Science is offering people the perfect excuse to play on their smartphones at the beach.

The Nature Conservancy is asking people to use their phones and drones to photograph flooding, landslides, erosion, and other storm damage along California’s beaches and then upload the geotagged images to Flickr and other platforms. It's all about enlisting the public’s help to document El Niño’s impact on California’s coast

“People often ask me what they can do about sea level rise,” Sarah Newkirk, a coastal project director at the conservancy, said in an announcement.

“The best thing is to be aware and plan. Expect the expected. We know El Niño is going to happen – just like we know sea level rise is happening. Participate in the monitoring and use the maps to prepare not only yourself and your property, but also your community for these changes,” she said.

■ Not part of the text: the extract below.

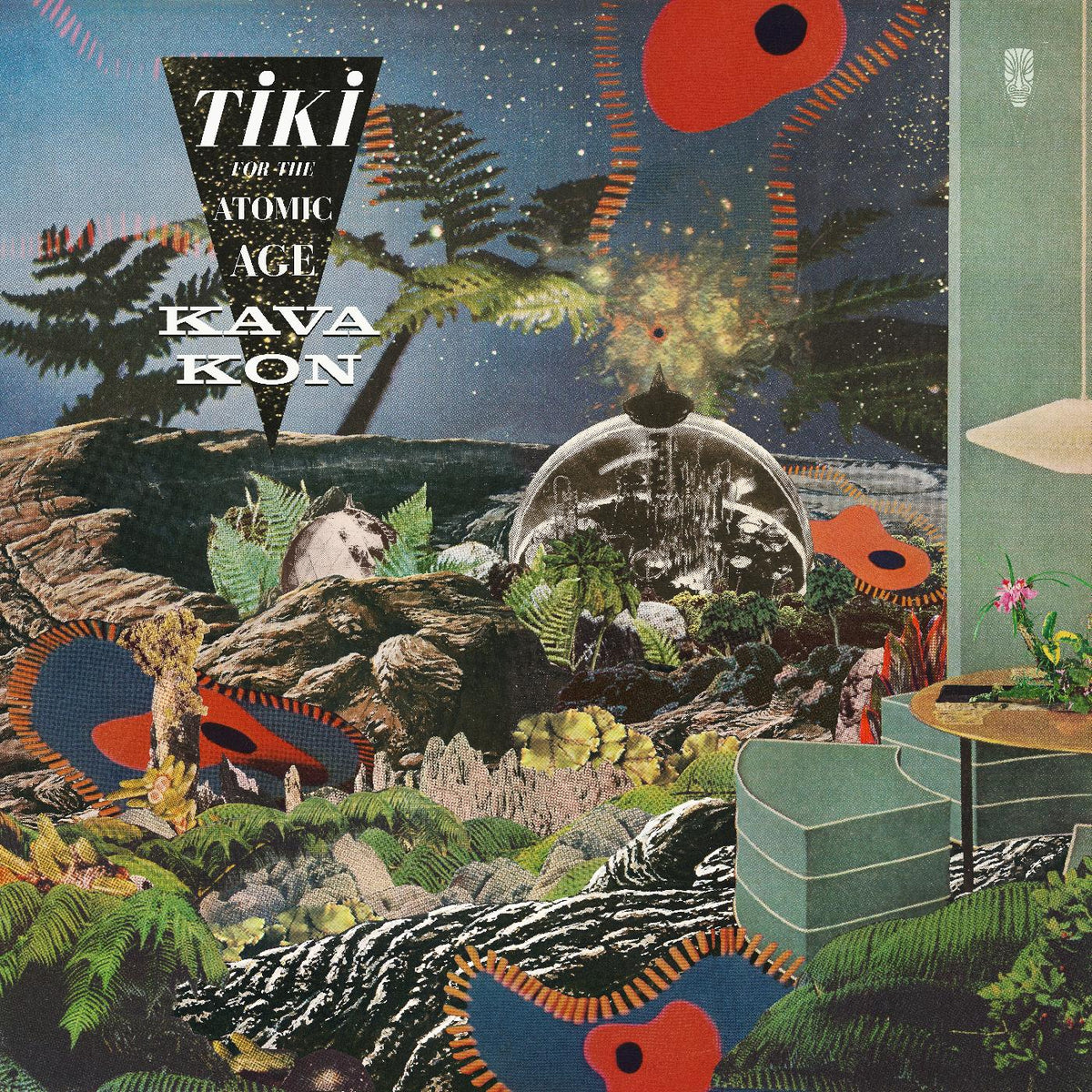 Kava Kon - Tiki For The Atomic Age (Indie Exclusive Green & Cream W/ Splatter Vinyl) - Vinyl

Understanding the effects of this year’s El Niño, expected to be the strongest on record and one that will significantly impact coastlines and cities, will help city planners and scientists prepare for a wet and stormy future, says the conservancy. Climate change is expected to bring stronger and more frequent storms that will affect the coastlines, and the animals and people who dwell there.

“This El Niño will serve as our crystal ball, giving us a glimpse of what we can expect in the future,” Nature Conservancy said in video introducing the project.

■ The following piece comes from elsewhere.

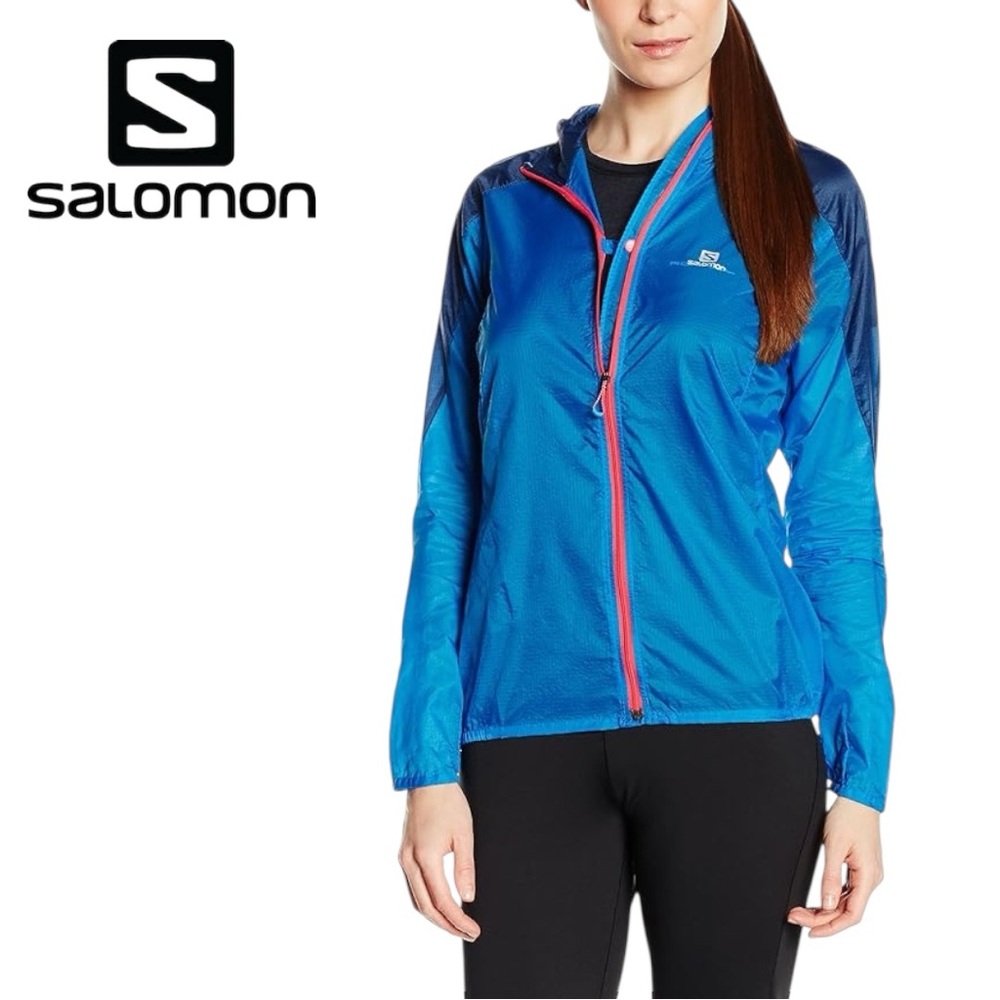 Salomon Women’s Fast Wing Advanced Skin Shield‎ Hooded Windbreaker - Size L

Nearly a half-million people in California and $100 billion in property and vulnerable infrastructure such as schools, power plants, and highways will be at risk of destructive flooding during a major storm if the sea level rises from 3.3 to 4.6 feet. This could happen by 2100, according to 2009 projections by the Pacific Institute in a study commissioned by three state agencies.

The images collected by the public in this coastal mapping project will allow the conservancy, which wants to protect 200,000 acres of coastal habitat in California by 2100, to produce an open-source map with data about flood-prone areas, erosion events, and property damage. Coastal planners will be able to use the information to plan for sea level rise and better predict future trends.

As for the conservancy, the real-time data collected by the public throughout the state will allow the organization to check whether the models it uses to predict flooding are accurate.

“We use these projected models and they don’t quite look right, but we’re lacking any empirical evidence,” Matt Merrifield, the Nature Conservancy’s chief technology officer, told The Associated Press. “This is essentially a way of ‘ground truthing’ those models,” he said.

This is not the first time scientists have turned to the public for help in documenting natural phenomena. Citizen scientists have documented firefly sightings to help scientists track their geographic distribution, tracked the migration of monarch butterflies from Canada to Mexico and planted milkweed to help conserve them, and used ultrasonic microphones and sonograms to record bat calls to help scientists understand their dramatic declines in North America.